One of the chief authors, Bruce Hedman of Arlington, VA-based Energy and Environmental Analysis (EEA) Inc., notes that the report team collaborated with industry participants over a period of several years to provide both DOE and the energy community with a consistent and objective set of cost and performance data for DE resources and gas-fired technologies. “This report offers decision-makers at all levels a single-source, one-stop reference for comparative performance and costs of major onsite-power-system technology options,” says Hedman. Both current technology status and potential are addressed; along with current performance characteristics, the report contains future cost and performance estimates through 2030, providing a valuable glimpse at what benefits advanced-technology initiatives are expected to yield, and when.

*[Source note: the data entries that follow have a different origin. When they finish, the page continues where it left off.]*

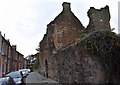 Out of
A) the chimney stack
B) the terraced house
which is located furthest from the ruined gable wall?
the terraced house

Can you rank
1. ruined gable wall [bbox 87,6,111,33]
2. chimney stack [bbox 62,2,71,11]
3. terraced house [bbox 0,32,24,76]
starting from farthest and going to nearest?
terraced house [bbox 0,32,24,76], chimney stack [bbox 62,2,71,11], ruined gable wall [bbox 87,6,111,33]

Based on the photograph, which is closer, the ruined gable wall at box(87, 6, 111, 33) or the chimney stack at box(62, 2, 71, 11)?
the ruined gable wall at box(87, 6, 111, 33)

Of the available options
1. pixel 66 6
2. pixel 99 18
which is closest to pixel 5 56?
pixel 66 6

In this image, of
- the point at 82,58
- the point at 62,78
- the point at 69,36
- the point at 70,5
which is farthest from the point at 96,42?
the point at 70,5

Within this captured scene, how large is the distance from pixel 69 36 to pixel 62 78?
292 inches

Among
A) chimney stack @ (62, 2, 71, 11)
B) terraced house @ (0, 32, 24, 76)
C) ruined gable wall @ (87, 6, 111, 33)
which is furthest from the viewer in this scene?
terraced house @ (0, 32, 24, 76)

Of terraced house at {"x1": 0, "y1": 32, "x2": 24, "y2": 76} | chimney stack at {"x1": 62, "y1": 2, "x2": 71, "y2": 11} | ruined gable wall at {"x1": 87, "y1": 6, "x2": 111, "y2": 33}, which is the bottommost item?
terraced house at {"x1": 0, "y1": 32, "x2": 24, "y2": 76}

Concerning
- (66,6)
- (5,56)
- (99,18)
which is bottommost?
(5,56)

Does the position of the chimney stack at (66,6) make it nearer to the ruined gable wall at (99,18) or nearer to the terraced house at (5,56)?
the ruined gable wall at (99,18)

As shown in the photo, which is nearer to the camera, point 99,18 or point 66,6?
point 99,18

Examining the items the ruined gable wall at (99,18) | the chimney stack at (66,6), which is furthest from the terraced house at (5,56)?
the ruined gable wall at (99,18)

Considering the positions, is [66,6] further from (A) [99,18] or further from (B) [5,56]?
(B) [5,56]

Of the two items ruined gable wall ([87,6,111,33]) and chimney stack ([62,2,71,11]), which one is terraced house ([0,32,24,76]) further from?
ruined gable wall ([87,6,111,33])

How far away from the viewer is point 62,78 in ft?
48.0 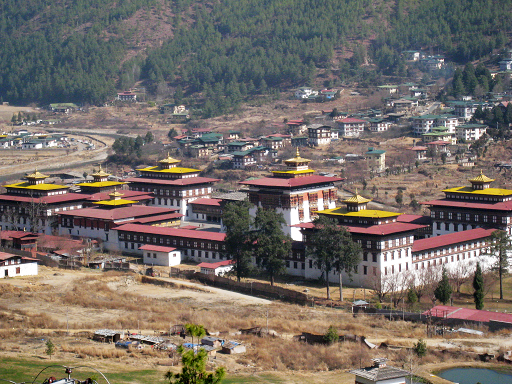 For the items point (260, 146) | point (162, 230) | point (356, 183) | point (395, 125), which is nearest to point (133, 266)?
point (162, 230)

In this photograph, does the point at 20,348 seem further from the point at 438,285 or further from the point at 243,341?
the point at 438,285

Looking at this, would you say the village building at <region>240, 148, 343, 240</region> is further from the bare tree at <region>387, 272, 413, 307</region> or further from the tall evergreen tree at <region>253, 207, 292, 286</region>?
the bare tree at <region>387, 272, 413, 307</region>

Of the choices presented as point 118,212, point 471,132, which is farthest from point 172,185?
point 471,132

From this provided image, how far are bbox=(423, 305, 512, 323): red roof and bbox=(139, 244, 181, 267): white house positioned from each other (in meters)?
24.7

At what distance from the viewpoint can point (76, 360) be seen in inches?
1699

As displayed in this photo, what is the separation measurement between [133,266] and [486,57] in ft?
428

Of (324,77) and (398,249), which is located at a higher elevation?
(324,77)

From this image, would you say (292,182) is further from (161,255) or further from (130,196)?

The following selections from the report are related to the emissions performance of DE technologies:

Reciprocating Engines. Driven by economic and environmental pressures for power-density improvements (more output per unit of engine displacement), increased fuel efficiency, and reduced emissions, reciprocating-engine technology has improved dramatically over the past three decades. The emissions signature of natural-gas engines in particular has improved significantly in the last decade through better design and control of the combustion process and through the use of exhaust catalysts. Advanced lean-burn natural-gas engines produce untreated nitrogen oxide (NOx) levels as low as 50 ppmv (at 15% reference oxygen on a dry basis).

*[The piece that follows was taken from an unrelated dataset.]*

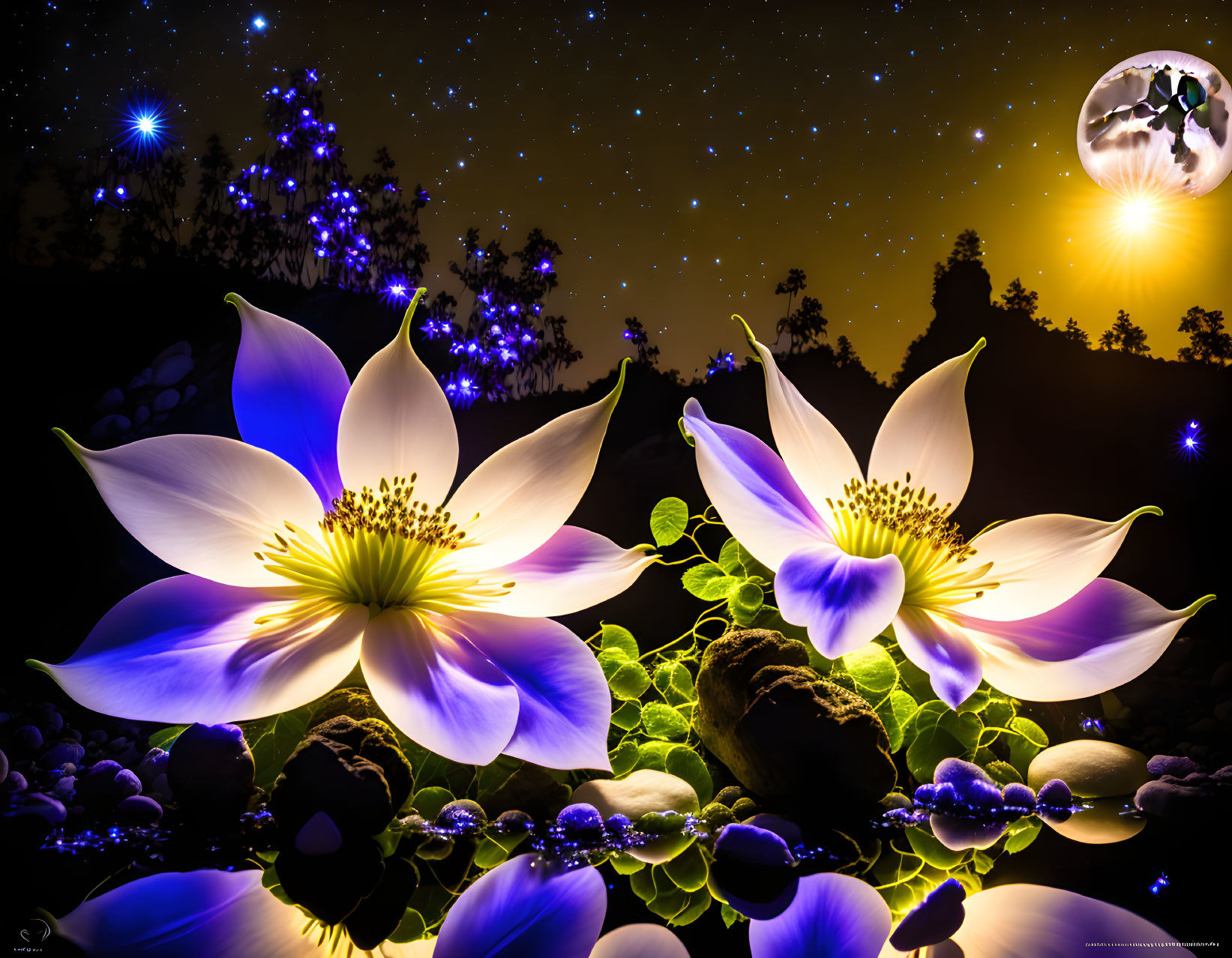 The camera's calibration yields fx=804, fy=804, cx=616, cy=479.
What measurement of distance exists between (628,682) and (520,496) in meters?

With current technology, the highest efficiency and the lowest NOx are not achieved simultaneously. Therefore many manufacturers of lean-burn gas engines offer different versions of an engine – a low-NOx version and a high-efficiency version – based on different tuning of the engine controls and ignition timing. Achieving highest-efficiency operation results in conditions that generally produce twice the NOx that low-NOx versions do, but achieving the lowest NOx typically entails sacrifice of one to two points in efficiency. In addition, carbon monoxide and volatile organic compound (VOC) emissions are higher in engines optimized for minimum NOx.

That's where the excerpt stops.